I want to prove the following statement:
Let $X$ be a smooth hypersurface in $\mathbb P^n$, $D$ be an effective divisor on $X$. If the associated line bundle $\mathcal L(D)$ is equivalent to $\mathcal O_X(1)$ (which called the hyperplane line bundle), then $D$ is cut by some hyperplane in $\mathbb P^n$.
My approach is: If $i^* \mathcal L_1\cong i^* \mathcal L_2$, then I want to show $\mathcal L_1\cong\mathcal L_1$. In general this is not true, but I think it might be true in our case of smooth hypersurfaces. But I don't know how to prove this.

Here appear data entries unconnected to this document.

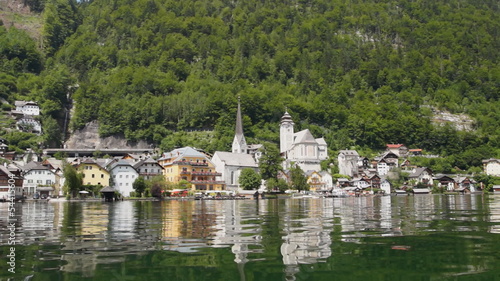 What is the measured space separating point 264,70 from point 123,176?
85843 millimetres

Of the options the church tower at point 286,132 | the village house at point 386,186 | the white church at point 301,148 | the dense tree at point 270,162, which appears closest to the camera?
the dense tree at point 270,162

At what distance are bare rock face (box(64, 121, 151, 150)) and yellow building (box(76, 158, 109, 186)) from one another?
35100 millimetres

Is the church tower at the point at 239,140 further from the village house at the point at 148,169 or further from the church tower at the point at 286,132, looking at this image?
the village house at the point at 148,169

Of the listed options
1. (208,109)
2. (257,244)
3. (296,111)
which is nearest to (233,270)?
(257,244)

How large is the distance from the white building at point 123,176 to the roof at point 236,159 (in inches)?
830

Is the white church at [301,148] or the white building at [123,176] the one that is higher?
the white church at [301,148]

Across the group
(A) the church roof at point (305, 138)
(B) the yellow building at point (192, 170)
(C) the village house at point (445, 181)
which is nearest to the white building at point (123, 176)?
(B) the yellow building at point (192, 170)

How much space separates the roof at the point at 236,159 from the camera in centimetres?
8699

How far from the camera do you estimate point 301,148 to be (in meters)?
100

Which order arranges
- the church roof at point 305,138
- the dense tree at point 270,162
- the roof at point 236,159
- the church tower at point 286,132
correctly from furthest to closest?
the church tower at point 286,132, the church roof at point 305,138, the roof at point 236,159, the dense tree at point 270,162

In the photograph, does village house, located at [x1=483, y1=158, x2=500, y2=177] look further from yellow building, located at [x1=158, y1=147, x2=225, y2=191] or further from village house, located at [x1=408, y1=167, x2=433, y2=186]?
yellow building, located at [x1=158, y1=147, x2=225, y2=191]

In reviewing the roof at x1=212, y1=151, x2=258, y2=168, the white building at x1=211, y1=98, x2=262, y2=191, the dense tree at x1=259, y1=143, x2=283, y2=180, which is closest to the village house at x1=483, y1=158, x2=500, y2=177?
the dense tree at x1=259, y1=143, x2=283, y2=180

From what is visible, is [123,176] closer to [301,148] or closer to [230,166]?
[230,166]

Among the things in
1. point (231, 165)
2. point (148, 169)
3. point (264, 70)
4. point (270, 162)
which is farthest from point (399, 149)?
point (148, 169) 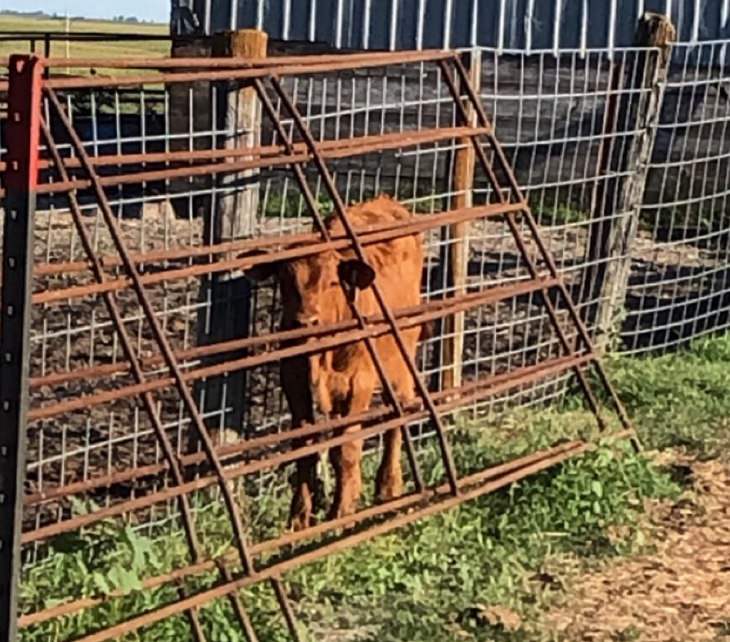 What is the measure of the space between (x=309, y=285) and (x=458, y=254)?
7.30 feet

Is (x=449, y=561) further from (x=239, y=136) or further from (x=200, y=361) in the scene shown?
(x=239, y=136)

Any hint or reference would be helpful.
I will assume $n\geq 2$, otherwise everything is clear and let $d=\deg X$. Then we have an exact sequence, $0\to O_{P}(-d)\to O_P\to O_X\to 0$ (I have used $P$ for projective space and $O$ for structure sheaf), which after twisting by $O(1)$ and taking global sections gives $H^0(O_P(1))\to H^0(O_X(1))\to H^1(O_P(-d+1))$. The last term is zero and since $\mathcal{L}(D)=O_X(1)$ and $D$ is effective, $D$ is the zeroes of a section of $O_X(1)$. This section can be lifted by the above surjectivity to a section of $O_P(1)$ and then the rest is clear.